The whole listing needs to be returned exactly as it appears.

» INFORMATION SUPPLIED:
((

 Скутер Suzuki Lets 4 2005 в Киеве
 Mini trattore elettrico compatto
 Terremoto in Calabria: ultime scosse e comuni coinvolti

))

» WRITTEN RESPONSE:
 Скутер Suzuki Lets 4 2005 в Киеве
 Mini trattore elettrico compatto
 Terremoto in Calabria: ultime scosse e comuni coinvolti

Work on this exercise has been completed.